Interview d'Henry Potez à l'occasion du 50ème anniversaire de la SNIAS à Méaulte
Notice
À l'occasion du 50ème anniversaire de la SNIAS (Société nationale industrielle aérospatiale), les élèves du centre de formation de Méaulte ont offert deux maquettes à Henry Potez. Interrogé, celui-ci évoque ses débuts à Méaulte en 1922 , l'association avec Dassault pendant la Première Guerre mondiale, la nationalisation de 1938. Il se dit confiant quant aux développement de l'aviation dans l'avenir.
Éclairage
La filière aéronautique picarde est exclusivement composée de sous-traitants de divers rangs, concourant tous à la fabrication de pièces entrant dans la construction d'aéronefs. Elle représentait en 2012 environ 4% de l'emploi industriel (3800 salariés) et un peu plus de 1% des établissements industriels (105).
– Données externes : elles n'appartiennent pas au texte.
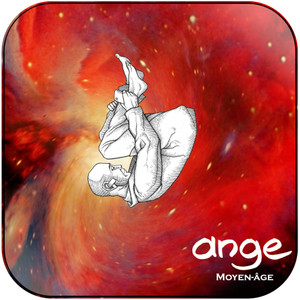 Ange Moyen Ge Album Cover Sticker Album Cover Sticker Ange Moyen Ge Album Cover Sticker Album Cover Sticker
Modeste, certes, en comparaison avec ses équivalents en Aquitaine ou en Midi-Pyrénées, la filière comptabilise néanmoins quelques grands fleurons de l'industrie française tels que Thalès, Matra (respectivement présents à Méru et à Lacroix-Saint-Ouen, dans l'Oise), mais aussi et surtout Aérolia, à Méaulte dans la Somme. Enfin, côté formation, il a été créé à Albert un BEP Productique mécanique usinage en collaboration avec le PHMA (Pole Hydraulique et Mécanique d'Albert) qui regroupe 25 entreprises sous-traitantes d'Aérolia.
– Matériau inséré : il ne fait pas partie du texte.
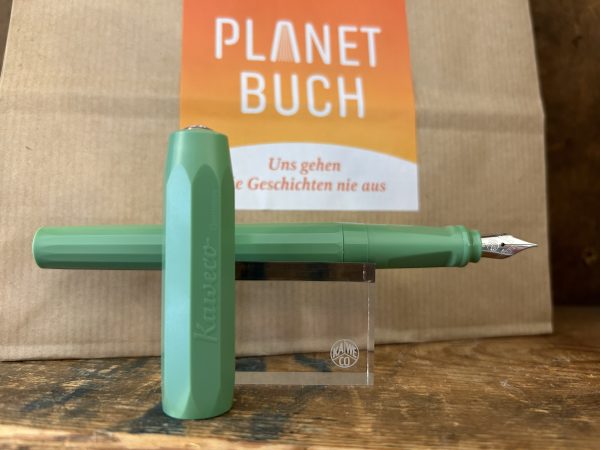 Kaweco Füllhalter Perkeo “Jungle Green”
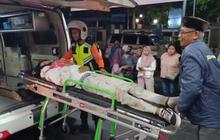 Bus Terguling di Tol Jombang, Satu Meninggal Dunia dan Belasan Luka Akibat Kecelakaan Tol Jombang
Mais qui sait que la Picardie a compté de la fin des années 20 jusqu'au milieu des années 1930, le plus perfectionné et le plus vaste (60 000 m2 couverts et jusqu'à 3600 employés !) complexe industriel de production d'avions au monde ? Situé à Méaulte, son inauguration en 1924 est à l'origine de la spécialisation actuelle du bassin d'emploi albertin dans l'aéronautique et ce, grâce à un entrepreneur local fidèle à ses racines, Henry Potez (1891-1981).
La vie de ce natif d'Albert est une formidable épopée industrielle et commerciale. Ingénieur, inventeur, administrateur de sociétés, mais aussi citoyen engagé socialement et politiquement, ce touche-à-tout de génie est l'un des pionniers de l'industrie aéronautique.
Dès 1914, après avoir travaillé avec Gaston Caudron, il s'est associé avec Marcel Dassault (né Bloch, un autre instigateur d'une grande saga familiale liée à la Picardie) pour réaliser la célèbre "hélice Eclair" qui allait équiper tous les chasseurs SPAD pendant le premier conflit mondial (de 1916 à 1918).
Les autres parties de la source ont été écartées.